Thursday, February 25, 2016

'Before the Wind' by JIm Lynch


Before the Wind


Before the Wind by Jim Lynch
My rating: 5 of 5 stars

Do you like to sail? I don’t mean lying in the sun on a sailboat while someone else steers. I mean rigging the boat, launching it, manning the sails. If so, you will thrill to Jim Lynch’s new novel, which is set in the world of boats driven by the wind. If not, prepare to be schooled as well as entertained.

Narrated by Josh, the adult middle child of the famous, boat-building Johanssens of Puget Sound, the central family story is surrounded by other quirky, sailing-related stories, such as Einstein’s love of sailing (who knew?) and the various dreamers and dropouts who want to sail around the world or live on moored sailboats.

There is copious detail about the sport, and I love the way Lynch delves into the topic and makes his protagonist family around it. I don’t sail, but I live with a racer of small sailboats, so I can’t be an impartial judge as to whether all the references to vangs and halliards and jibs will it be too much for the uninitiated.

I can say Lynch really captures sailors, even though the ones I know sail small boats and live on the east coast rather than big boats out west. Including anecdotes about Einstein, elements of physics, and a mathematics-obsessed character fit too.

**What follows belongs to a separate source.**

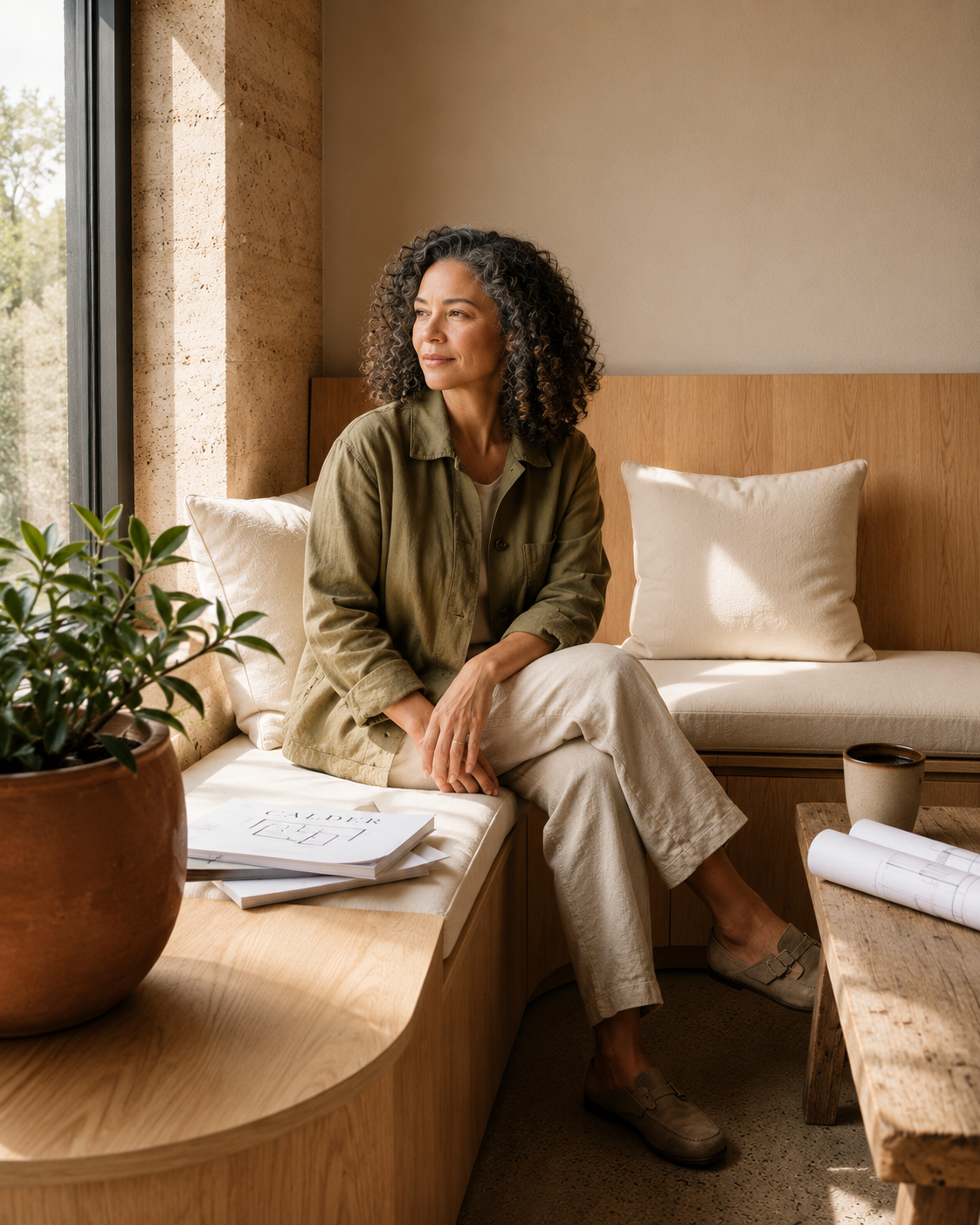 Woman in midlife thinking about the changes in her life. Woman with brown hair and green shirt sitting and looking out window.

For the family story, Lynch broadens some familiar roles--the domineering father who drives his children to excel and ends up driving them away, the hot-headed oldest brother, the peace-maker middle child--with others than go against type and a touch of magical realism in the person of Ruby, the youngest Johannsen who is a gifted sailor and healer bordering on the supernatural. Lynch also weaves humor throughout, including Josh’s recounting of his online dating experiences and a co-worker who likes to quote the movie March of the Penguins.

Before the Wind is touched with both wonder and sadness and ultimately about finding one’s place in the world, which may mean leaving family or returning to it. The reader may need a little patience to read through the setup to get to the meat of the family story, but it is well worth it.